Solution
The main objective of the project, in addition to regulatory compliance, was to keep the integration interface of the New MiFID Engine in line with that of the Old Engine as much as possible, with the aim of inducing the least possible impact on all the Bank's systems integrated with it and guaranteeing a non-regression test phase on device processes that was as secure and robust as possible.
To achieve this purpose, Technology Reply took care of the implementation aspects of a back-end business service (realised through J2EE, EJB, Oracle Database, Oracle OSB 12c and JMS code technologies), invoked by all the Bank's channels, which was entrusted with the task of enriching the input received with all the information necessary for the new suitability model (thus bridging the gap with the old model), which was ultimately realised through the integration of market-leading third-part solutions. This enrichment concerned the client's personal details, the relative Personal Profile derived from the completion of the MiFID questionnaire, the portfolio and the financial instruments handled with relative management costs (entry, exit and running costs).
Furthermore, this back-end service also implemented a mechanism for managing error messages in the event of a negative outcome of MiFID checks that is fully configurable, scalable and modifiable without the need for application releases, so as to normalize the messaging displayed to the end customer and centralize its management.

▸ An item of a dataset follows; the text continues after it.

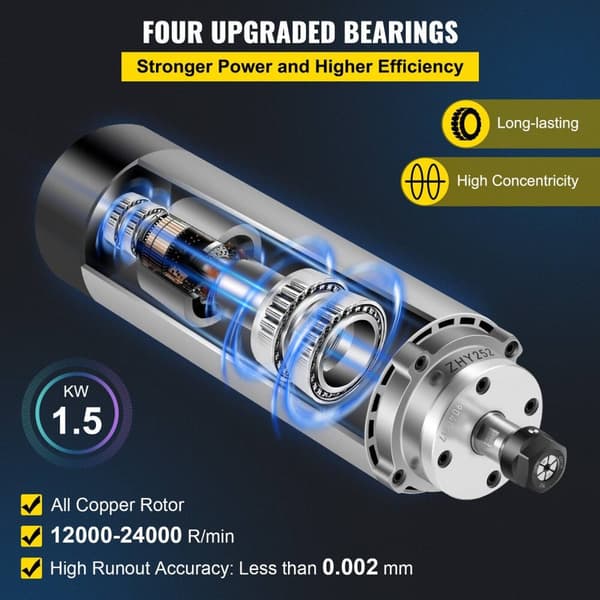 {1,5kW / 2,2kW luftkyld spindelmotor - ER11 / ER20 spännhylsa, fyra lager & 12000-24000 varv/min}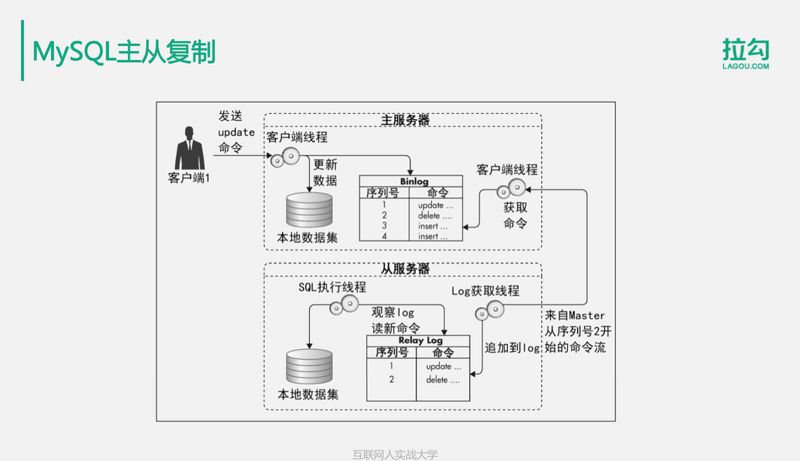 亿级用户分布式存储，这些方案你都会了吗？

Lastly, Technology Reply also dealt with the implementation of all the components that carry out the periodic massive MiFID audit performed on all the Bank's clients to verify the suitability of their consolidated portfolios and produce, quarterly, half-yearly and yearly, the statements and reports required by the current European MiFID II regulations.
The project lasted about two years, and since this MiFID engine is core and invoked for every transaction executed by the Bank's customers from any channel, the related ROLLOUT in Production phase initially involved a small subset of the Bank's end customers, which gradually increased until it was opened to the entire customer base, in compliance with the timeframe shared with CONSOB for the adaptation of its suitability model to the European MiFID II regulation.
Moreover, the progressive rollout of the initiative was organized in the following 3 phases (managed through a customer-side profiling mechanism on the back-end services side):
- The first phase in which the invocation to the new suitability verification service was redirected to the old MiFID engine, returning the relevant outcome, so as to verify the correct integration of all channels with respect to the new service interface in terms of request and response.
- The second phase in which the call to the new suitability verification service was redirected to the old MiFID engine, returning the relative result, and in parallel and in asynchronous mode, by means of a JMS queuing mechanism, the suitability verification operation was also submitted to the New MiFID Engine, so that, by means of extractions of the respective databases, business users could compare the checks performed and the relative results of the two engines to verify and adapt the metrics of the New MiFID Engine.
- The third phase in which the call to the new suitability verification service was redirected directly to the New MiFID Engine, returning the relevant outcome (pilot phase).